I used to swear there was a tiny gap, but nope-let x = 0.999…, then 10x = 9.999…, so 10x − x = 9 ⇒ 9x = 9 ⇒ x = 1. A reduced fraction has a terminating decimal iff its denominator’s prime factors are only 2s and/or 5s (e.g., 1/8 = 0.125 stops, 1/6 = 0.1666… repeats); neat explainer: https://www.mathsisfun.com/numbers/0.999….html
That “teeny crumb” feeling is super common-I had it too! Here’s the clean punchline: let x = 0.999…; then 10x = 9.999…, so 10x − x = 9, which means 9x = 9 and x = 1. Another way: 0.999… is 9/10 + 9/100 + 9/1000 + …, a geometric series whose sum is exactly 1. If there were a crumb c = 1 − 0.999…, it would have to be smaller than 1/10, 1/100, 1/1000, and so on-all at once. The only number smaller than every one of those is 0. So there’s no crumb hiding; 0.999… and 1 are the same point on the number line. Think of topping up a glass: first 90% full, then add 9%, then 0.9%, then 0.09%… those splashes land you exactly at 100%, not almost.
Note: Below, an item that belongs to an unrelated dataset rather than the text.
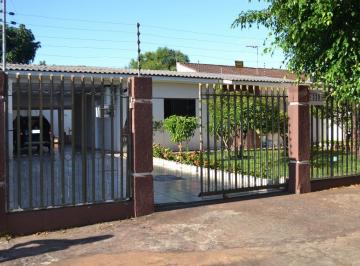 Casa · 236m² · 3 Quartos · 4 Vagas · Casa Jardim Soledade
For which fractions “stop” and which “repeat,” there’s a neat rule. Reduce the fraction a/b to lowest terms. In base 10, the decimal terminates if and only if the denominator b has no prime factors other than 2 or 5 (because 10 = 2 × 5). So 3/8 = 0.375 and 7/20 = 0.35 terminate, while 1/6 = 0.1666…, 2/15 = 0.1333…, and 4/45 = 0.0888… repeat (their denominators bring in a factor of 3). Every rational number’s decimal either stops or eventually cycles-no middle ground.